Required work:
Please return only the lines from the one holding "Front view of" through the one holding "Pair of Sukhoi", exactly as they appear in the records below, both ends included.
::::::::
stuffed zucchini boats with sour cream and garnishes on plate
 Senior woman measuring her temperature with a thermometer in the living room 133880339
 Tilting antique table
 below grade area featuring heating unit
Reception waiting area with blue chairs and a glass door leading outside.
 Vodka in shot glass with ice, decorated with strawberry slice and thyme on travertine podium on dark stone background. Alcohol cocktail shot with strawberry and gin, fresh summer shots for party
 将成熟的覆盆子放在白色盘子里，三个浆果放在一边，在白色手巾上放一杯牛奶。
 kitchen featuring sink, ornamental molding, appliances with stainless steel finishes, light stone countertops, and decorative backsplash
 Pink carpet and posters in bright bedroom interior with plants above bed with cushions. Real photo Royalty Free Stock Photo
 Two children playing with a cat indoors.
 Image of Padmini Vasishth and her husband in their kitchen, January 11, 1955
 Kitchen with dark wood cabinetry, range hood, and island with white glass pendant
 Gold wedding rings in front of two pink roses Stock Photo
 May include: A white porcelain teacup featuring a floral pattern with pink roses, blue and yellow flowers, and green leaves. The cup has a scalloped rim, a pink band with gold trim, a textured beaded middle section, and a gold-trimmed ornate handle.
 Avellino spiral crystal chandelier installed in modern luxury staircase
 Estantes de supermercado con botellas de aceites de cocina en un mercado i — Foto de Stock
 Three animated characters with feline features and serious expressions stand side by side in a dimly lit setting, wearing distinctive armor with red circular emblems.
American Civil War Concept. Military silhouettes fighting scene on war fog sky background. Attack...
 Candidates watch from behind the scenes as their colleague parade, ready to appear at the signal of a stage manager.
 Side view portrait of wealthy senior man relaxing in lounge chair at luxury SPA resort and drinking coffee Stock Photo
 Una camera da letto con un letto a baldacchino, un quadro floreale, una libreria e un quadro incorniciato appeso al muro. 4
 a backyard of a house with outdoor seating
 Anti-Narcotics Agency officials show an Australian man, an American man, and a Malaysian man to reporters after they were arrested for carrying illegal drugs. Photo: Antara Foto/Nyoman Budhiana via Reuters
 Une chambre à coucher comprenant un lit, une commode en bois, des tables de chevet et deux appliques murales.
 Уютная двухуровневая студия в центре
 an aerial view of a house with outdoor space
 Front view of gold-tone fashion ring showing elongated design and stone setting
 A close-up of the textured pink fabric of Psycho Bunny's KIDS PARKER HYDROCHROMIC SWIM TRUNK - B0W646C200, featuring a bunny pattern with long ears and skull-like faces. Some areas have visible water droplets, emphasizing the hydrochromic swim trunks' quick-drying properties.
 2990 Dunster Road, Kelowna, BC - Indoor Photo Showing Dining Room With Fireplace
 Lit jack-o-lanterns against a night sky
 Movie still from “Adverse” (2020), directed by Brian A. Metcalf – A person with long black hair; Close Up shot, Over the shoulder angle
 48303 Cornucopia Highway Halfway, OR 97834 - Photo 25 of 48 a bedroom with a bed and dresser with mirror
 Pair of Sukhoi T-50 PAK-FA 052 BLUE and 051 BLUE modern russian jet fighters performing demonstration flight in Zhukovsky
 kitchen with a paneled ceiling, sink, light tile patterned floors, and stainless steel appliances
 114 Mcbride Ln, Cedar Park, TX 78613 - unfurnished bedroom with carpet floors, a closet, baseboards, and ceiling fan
::::::::
Solution to the exercise:
 Front view of gold-tone fashion ring showing elongated design and stone setting
 A close-up of the textured pink fabric of Psycho Bunny's KIDS PARKER HYDROCHROMIC SWIM TRUNK - B0W646C200, featuring a bunny pattern with long ears and skull-like faces. Some areas have visible water droplets, emphasizing the hydrochromic swim trunks' quick-drying properties.
 2990 Dunster Road, Kelowna, BC - Indoor Photo Showing Dining Room With Fireplace
 Lit jack-o-lanterns against a night sky
 Movie still from “Adverse” (2020), directed by Brian A. Metcalf – A person with long black hair; Close Up shot, Over the shoulder angle
 48303 Cornucopia Highway Halfway, OR 97834 - Photo 25 of 48 a bedroom with a bed and dresser with mirror
 Pair of Sukhoi T-50 PAK-FA 052 BLUE and 051 BLUE modern russian jet fighters performing demonstration flight in Zhukovsky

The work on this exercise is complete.